Depois de, em conjunto com a diretora do M&P, ponderar este risco face à importância dessa partilha de conhecimento, regresso ao assunto. Numa breve síntese, a Ideo, consultora mundial de ‘design thinking’ e inovação, perguntou se os negócios não deveriam vir de questões, em vez de ideias. Ou seja, se não seriam as questões que deveriam originar respostas/soluções e com isso novos negócios.
Nesse sentido, a Ideo propôs a um grupo de pessoas que questionassem os seus negócios, num exercício em que se responderia a:
– ‘Obvious truths’
– ‘Rug puller question’
– ‘Solution’
Questionei o meu negócio, mas, na minha mesa de trabalho (que tinha cinco pessoas), um bom samaritano arranjou uma ‘obvious truth’ praticamente transversal a todos os negócios: “para lançar uma marca é preciso investir dinheiro”, no sentido de criar uma marca relativamente global.
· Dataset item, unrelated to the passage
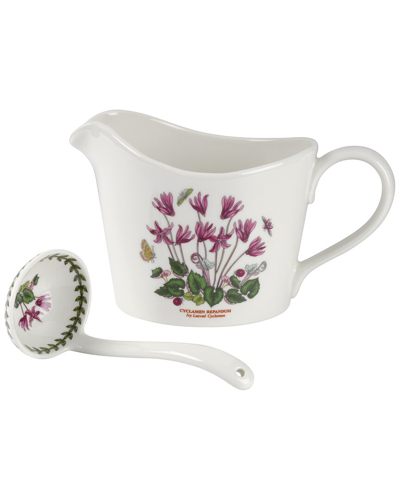 Portmeirion Botanic Garden Sauce Jug & Ladle Set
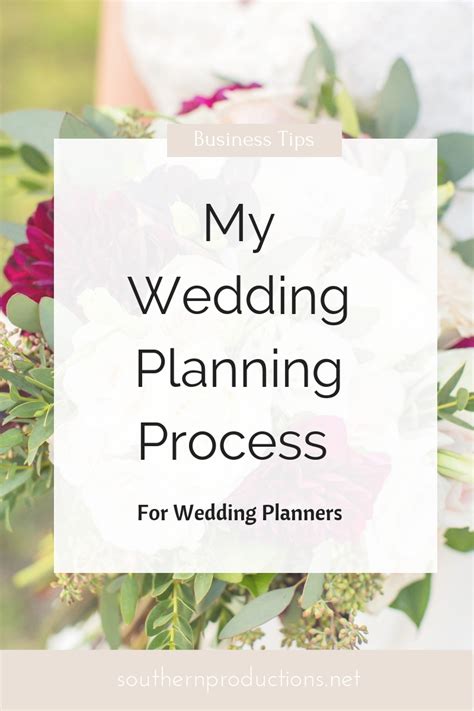 My Wedding Planning Process for Wedding Planners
A ‘rug puller question’ foi “e se não fosse preciso investir dinheiro?”. A ‘solution’ certa levar-nos-ia ao nirvana.
A discussão foi brava, porque levou a mesa a questionar essencialmente dois aspetos: o modelo de distribuição de cada um dos negócios e o modelo de investimento em comunicação.
Não conseguimos obter uma ‘solution’ épica, porque seria muito difícil e cada negócio tem, aliás, variáveis diferentes em ambos os modelos. A solução que dei, e que ainda hoje acredito piamente que seria a mais eficaz para todos os negócios, foi alguém da marca em causa conseguir namorar com uma das Kardashians.
Não sei porquê, os meus colegas de mesa e os técnicos da Ideo ignoraram a minha resposta. Podemos olhar para este tipo de exercícios de metodologia inovadora da mesma forma como encaramos os ‘team buildings’ da nossa empresa: uma xaropada que tentamos evitar sempre que podemos, inventando uma desculpa qualquer. Sempre achei este tipo de exercícios e os ‘teams buildings’ horríveis.
Mas a Ideo é a Ideo e eu lá fui. De facto, foi diferente. Para o meu negócio dos perfumes, havia várias ‘obvious truths’, mas a que escolhi para disrupção foi:
– ‘Obvious truth’: “os perfumes são colocados na pele [isto é, no exterior, seja na pele, nas roupas – péssima solução – ou no cabelo]”. Assim é, nas diversas versões em que podemos perfumar-nos, seja com ou sem vaporizador, com ‘roll-on’ ou cremes e pós.
– ‘Rug puller question’: “e se os perfumes não tivessem de ser colocados na pele, no exterior”?
– A resposta que encontrei para a ‘solution’ foi: “tomando uma pílula”.
Se quando as pessoas comem alho (ou tomam suplementos de alho em cápsulas) a pele passa a exalar um odor aliáceo (pelos compostos voláteis de doses maciças de enxofre que o alho tem, designadamente de dissulfureto de alil-metilo), porque é que não poderiam tomar um comprimido, que fizesse exalar o cheiro do perfume de que gostam?
Já pus a minha equipa a tentar concretizar este sonho. Vai ser muito difícil. Muito difícil. E, para este caso, as Kardashians não valem de nada.